April 2, 2020

27.04.11: Detecting “Exo-Aurorae.”

Planetary Scientists may soon have a new technique in their arsenal in the hunt for exo-solar planets. Current tried-and-true methods involve measuring tiny radial velocity shifts, catching a gravitational lensing event, or watching and measuring a tiny dip in brightness as a planet transits its host star.

All the above methods have their limitations; the short periods of observation involved and the unlikely happenstance of a transit lying along our field of view have assured that a good majority of worlds discovered have been “Hot Jupiters,” large worlds locked in short orbits. Such current methods would still prove to be largely ineffective in detecting the presence Jupiter or Saturn in our own solar system from even a few light years away.
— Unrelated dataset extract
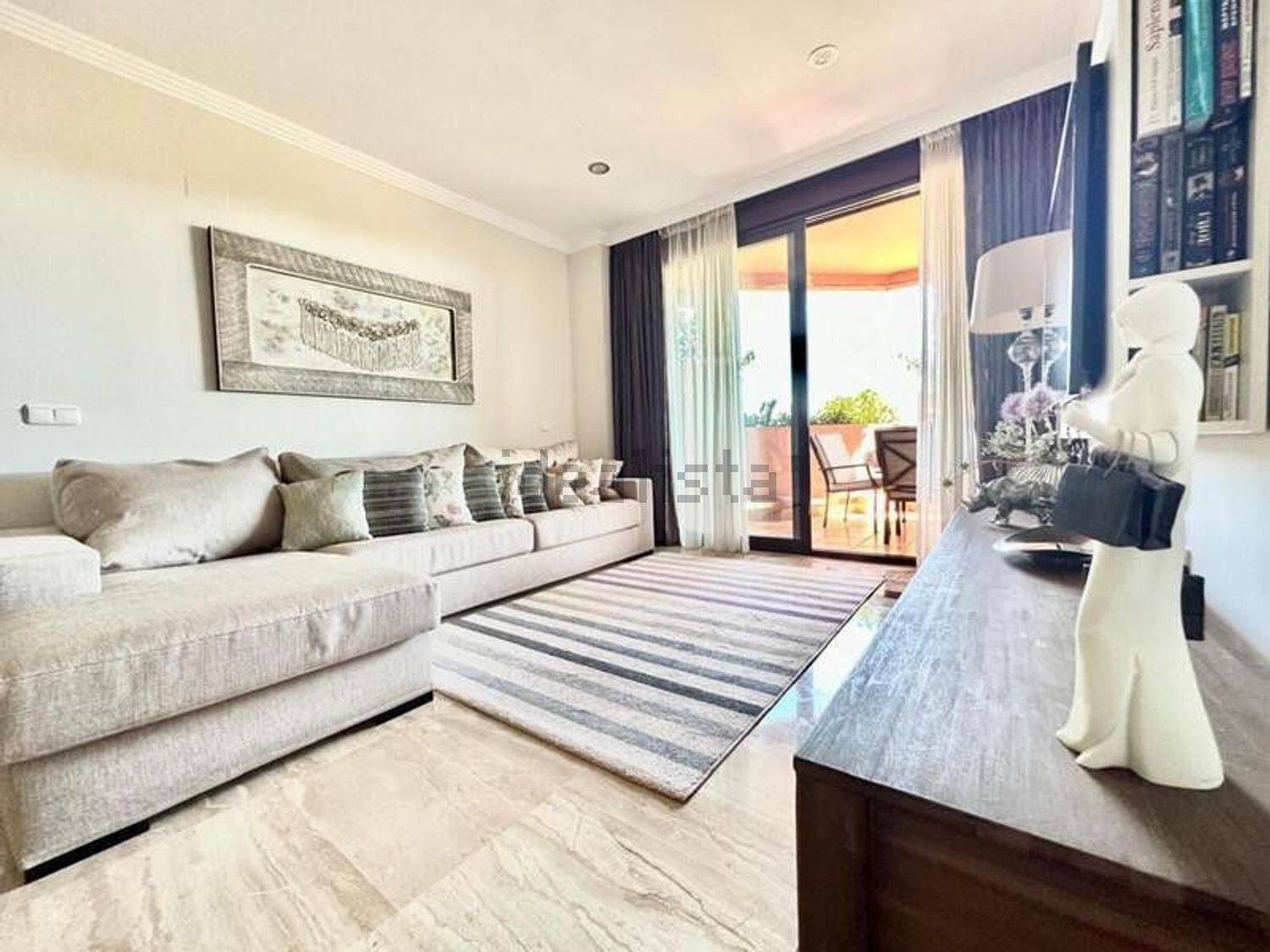 Pis de 130 m² a Estepona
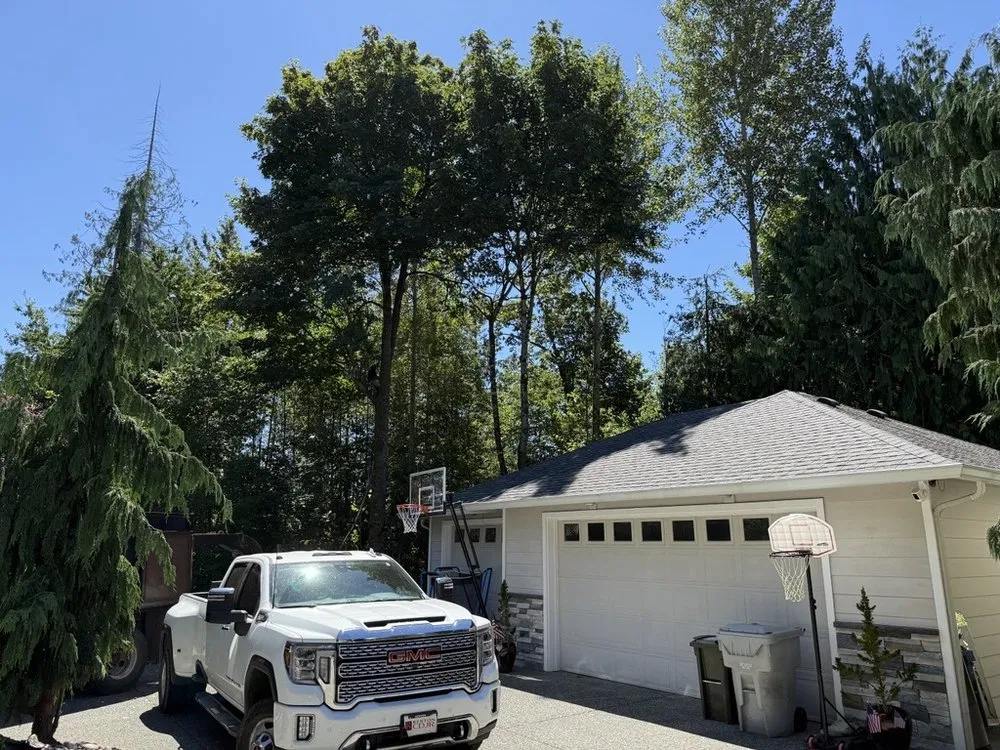 Professional landscape design experts serving Kent, WA - Thousand Oaks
The largest worlds in our neighborhood do, however, emit something that we may soon be able to detect at galactic distances; low frequency radio waves. These are emitted by aurorae, caused in the case of Jupiter by interactions with material spewed from the volcanic Moon Io, and in the case of Saturn, similar interaction with its moon ice geyser moon, Enceladus. Last week, researcher Dr Jonathan Nichols of the University of Leicester noted at the RAS 2011 National Astronomy Meeting that systems such as the LOw Frequency ARray (LOFAR) will give us the capability to detect auroral outbursts similar to what we observe on Saturn and Jupiter out to a distance of about 150 light years. That sphere is inclusive of hundreds of stars and potential star systems. With sites scattered across Europe, LOFAR is scheduled to be fully completed later this year. Will we have data on the first exoplanet discovered via detection of aurora soon? Whatever the case, the field of exo-planetology has definitely come into its own!